▶ Task to complete:
Taking the listing below line by line, tally those that contain the string "current". Give the total alone.

▶ Supplied information:
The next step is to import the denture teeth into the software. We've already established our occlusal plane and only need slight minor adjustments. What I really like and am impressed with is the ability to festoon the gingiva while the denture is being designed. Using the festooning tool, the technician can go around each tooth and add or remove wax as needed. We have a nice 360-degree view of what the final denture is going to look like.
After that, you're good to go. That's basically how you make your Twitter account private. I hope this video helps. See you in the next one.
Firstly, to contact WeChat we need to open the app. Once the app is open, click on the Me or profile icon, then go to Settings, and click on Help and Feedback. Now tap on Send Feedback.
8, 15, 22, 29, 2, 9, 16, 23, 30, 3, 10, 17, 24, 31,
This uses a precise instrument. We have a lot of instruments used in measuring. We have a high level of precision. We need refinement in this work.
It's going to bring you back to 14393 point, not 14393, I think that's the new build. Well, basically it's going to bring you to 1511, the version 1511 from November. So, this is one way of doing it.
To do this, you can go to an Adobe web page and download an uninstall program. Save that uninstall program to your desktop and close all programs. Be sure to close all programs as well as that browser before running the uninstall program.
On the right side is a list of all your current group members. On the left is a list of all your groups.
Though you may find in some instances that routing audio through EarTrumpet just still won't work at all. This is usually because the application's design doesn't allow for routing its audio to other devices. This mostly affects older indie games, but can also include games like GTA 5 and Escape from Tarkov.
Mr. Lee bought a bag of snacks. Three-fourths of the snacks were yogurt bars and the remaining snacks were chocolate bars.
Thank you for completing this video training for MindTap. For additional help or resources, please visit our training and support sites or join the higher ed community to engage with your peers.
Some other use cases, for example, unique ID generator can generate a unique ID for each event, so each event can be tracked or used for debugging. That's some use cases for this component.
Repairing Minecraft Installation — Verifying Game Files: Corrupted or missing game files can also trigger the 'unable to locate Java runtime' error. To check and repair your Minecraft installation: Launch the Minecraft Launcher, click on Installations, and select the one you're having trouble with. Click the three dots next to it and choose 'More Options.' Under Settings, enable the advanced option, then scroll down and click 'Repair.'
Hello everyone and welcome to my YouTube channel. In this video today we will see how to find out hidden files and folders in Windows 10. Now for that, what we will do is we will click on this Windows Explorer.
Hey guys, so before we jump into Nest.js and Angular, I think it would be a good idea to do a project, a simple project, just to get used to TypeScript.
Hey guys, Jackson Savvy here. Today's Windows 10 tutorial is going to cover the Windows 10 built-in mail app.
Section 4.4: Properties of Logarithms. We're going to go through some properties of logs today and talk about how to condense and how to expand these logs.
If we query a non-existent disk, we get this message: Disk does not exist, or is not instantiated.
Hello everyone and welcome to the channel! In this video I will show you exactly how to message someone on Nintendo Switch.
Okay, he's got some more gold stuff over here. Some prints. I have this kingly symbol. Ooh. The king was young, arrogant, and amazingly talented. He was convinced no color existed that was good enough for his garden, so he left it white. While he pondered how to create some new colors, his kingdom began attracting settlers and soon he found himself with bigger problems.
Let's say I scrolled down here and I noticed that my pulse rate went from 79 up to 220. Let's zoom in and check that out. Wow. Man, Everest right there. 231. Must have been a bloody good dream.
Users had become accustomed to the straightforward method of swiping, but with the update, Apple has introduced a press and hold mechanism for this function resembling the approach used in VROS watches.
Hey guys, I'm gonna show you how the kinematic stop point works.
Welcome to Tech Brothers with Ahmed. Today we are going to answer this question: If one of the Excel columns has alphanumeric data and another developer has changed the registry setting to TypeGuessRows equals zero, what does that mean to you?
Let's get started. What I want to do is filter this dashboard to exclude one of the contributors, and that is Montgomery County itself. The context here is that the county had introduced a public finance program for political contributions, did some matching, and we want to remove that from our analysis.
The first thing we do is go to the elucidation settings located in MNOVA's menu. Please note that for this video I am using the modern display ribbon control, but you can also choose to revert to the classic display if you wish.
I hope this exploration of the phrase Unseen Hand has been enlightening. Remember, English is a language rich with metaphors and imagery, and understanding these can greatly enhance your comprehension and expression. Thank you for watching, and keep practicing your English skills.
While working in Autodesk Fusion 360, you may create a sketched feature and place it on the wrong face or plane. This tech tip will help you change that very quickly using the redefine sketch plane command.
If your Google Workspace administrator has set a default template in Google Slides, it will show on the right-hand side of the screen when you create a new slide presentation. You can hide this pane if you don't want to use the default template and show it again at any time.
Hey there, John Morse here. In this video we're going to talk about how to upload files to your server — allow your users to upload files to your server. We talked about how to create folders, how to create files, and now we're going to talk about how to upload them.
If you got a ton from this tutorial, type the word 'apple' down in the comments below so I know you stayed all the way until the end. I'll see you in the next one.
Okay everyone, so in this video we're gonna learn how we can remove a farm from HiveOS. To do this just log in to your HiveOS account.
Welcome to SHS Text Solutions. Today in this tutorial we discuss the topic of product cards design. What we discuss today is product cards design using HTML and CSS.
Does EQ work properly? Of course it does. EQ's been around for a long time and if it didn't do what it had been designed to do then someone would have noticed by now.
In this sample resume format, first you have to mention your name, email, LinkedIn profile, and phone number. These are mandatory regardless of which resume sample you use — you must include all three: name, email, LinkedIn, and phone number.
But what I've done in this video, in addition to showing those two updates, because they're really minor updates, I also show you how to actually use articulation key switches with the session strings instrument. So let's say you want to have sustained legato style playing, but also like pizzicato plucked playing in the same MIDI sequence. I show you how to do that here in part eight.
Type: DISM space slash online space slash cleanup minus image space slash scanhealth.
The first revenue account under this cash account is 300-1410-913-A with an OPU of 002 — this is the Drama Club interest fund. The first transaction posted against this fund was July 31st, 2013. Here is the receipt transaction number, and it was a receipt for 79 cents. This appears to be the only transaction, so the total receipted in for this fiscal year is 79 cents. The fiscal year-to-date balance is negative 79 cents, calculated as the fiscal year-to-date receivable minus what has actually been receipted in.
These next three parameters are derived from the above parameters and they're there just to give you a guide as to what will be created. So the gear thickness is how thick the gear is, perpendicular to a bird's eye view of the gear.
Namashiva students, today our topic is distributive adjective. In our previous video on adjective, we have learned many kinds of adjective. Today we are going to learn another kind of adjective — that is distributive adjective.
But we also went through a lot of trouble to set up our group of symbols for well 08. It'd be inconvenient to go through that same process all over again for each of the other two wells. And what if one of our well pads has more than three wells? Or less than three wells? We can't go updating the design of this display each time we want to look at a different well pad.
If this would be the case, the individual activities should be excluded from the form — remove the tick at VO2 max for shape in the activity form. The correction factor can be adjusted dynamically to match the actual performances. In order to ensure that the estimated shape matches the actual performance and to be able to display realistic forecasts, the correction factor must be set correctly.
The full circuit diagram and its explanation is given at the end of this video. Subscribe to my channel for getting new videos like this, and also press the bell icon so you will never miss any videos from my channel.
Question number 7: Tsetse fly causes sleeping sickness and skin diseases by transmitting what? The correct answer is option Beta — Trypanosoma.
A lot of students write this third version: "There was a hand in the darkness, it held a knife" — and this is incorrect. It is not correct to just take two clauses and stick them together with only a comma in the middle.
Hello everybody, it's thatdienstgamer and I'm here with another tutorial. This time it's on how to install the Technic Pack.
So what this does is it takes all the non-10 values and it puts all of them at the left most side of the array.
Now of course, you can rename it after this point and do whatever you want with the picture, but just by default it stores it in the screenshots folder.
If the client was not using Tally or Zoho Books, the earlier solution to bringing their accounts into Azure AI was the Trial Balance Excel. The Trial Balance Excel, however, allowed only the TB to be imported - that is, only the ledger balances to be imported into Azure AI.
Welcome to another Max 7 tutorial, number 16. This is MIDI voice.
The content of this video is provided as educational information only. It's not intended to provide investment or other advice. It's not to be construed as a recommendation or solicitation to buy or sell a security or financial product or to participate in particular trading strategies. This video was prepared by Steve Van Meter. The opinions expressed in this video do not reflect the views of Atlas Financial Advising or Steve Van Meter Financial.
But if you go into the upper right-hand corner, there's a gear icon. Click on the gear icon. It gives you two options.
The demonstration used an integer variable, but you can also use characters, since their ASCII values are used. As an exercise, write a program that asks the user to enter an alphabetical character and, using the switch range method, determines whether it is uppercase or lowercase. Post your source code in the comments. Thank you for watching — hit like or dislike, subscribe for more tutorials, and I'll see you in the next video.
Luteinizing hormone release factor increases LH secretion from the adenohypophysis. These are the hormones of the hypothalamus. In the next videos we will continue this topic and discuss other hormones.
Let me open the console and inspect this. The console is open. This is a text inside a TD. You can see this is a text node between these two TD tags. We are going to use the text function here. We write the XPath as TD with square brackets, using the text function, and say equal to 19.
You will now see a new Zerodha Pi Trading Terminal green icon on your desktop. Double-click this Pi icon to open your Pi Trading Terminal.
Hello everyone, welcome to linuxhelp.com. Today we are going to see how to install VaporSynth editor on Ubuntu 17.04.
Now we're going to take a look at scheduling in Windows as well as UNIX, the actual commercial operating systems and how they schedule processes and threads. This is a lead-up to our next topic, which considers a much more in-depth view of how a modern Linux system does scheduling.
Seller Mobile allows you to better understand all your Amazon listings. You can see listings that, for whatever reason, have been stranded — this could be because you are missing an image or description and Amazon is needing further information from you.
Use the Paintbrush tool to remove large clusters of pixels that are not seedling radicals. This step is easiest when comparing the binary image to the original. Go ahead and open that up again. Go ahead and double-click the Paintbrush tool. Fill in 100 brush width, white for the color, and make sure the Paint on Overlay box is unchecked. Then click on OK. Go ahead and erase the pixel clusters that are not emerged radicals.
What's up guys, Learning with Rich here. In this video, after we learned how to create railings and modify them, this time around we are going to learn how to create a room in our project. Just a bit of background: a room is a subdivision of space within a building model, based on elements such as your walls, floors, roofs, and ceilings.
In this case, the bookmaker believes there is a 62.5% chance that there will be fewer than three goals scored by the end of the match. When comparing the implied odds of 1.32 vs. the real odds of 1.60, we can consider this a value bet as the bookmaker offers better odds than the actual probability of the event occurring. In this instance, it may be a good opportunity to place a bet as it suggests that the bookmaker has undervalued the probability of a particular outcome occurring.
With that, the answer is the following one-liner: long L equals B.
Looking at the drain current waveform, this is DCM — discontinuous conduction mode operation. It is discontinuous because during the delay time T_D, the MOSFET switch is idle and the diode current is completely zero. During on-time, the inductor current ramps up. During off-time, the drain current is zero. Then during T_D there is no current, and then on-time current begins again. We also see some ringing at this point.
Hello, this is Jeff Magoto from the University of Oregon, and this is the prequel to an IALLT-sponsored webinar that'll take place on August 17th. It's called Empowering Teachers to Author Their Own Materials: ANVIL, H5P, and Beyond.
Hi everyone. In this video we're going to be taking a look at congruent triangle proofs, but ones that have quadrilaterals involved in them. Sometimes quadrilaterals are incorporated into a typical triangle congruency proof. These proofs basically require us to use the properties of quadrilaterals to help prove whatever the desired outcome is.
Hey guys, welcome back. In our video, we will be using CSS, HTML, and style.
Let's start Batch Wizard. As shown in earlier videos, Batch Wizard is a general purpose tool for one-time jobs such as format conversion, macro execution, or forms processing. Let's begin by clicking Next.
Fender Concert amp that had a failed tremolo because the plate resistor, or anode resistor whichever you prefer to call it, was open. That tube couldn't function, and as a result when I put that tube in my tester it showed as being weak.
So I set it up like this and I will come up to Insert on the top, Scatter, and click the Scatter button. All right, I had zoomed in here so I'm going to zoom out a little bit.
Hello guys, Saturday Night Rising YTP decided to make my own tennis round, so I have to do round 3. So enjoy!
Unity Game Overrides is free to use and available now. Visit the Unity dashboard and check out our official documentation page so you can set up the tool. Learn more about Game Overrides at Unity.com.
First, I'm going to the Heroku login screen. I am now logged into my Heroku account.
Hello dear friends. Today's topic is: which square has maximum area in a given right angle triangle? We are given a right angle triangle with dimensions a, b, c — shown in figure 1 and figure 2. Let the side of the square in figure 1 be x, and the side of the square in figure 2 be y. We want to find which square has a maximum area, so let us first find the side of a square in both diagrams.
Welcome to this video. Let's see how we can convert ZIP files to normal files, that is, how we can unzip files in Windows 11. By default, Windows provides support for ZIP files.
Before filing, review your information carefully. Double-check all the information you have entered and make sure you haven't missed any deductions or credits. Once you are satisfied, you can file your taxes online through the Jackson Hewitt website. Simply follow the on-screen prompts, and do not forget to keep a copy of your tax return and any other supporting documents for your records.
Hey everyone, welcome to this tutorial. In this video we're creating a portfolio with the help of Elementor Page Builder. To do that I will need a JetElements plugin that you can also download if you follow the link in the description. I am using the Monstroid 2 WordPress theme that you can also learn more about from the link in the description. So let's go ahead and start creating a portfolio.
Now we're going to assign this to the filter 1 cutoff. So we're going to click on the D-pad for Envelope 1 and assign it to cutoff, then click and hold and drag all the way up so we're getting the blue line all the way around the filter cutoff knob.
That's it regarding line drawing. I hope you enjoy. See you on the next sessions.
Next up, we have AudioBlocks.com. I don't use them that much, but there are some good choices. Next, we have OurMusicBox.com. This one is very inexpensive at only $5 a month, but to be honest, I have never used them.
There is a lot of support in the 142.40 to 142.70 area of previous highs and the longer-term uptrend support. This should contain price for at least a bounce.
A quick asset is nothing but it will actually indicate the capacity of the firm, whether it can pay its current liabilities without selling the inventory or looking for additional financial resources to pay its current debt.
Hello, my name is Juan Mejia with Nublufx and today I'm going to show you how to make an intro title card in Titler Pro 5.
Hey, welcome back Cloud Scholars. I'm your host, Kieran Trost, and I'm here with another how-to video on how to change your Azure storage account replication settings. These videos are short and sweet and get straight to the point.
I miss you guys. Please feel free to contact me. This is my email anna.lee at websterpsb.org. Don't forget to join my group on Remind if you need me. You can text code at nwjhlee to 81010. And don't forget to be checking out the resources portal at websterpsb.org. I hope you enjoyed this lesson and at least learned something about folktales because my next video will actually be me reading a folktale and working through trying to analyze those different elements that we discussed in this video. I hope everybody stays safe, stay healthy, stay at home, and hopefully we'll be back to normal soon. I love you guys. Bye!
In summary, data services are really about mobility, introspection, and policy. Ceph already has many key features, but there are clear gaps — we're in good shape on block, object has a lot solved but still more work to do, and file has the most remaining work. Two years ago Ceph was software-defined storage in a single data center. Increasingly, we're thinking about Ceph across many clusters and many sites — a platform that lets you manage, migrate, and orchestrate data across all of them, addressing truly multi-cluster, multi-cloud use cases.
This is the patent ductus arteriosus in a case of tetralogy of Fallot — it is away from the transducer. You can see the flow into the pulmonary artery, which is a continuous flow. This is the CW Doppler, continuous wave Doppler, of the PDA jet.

▶ Written answer:
3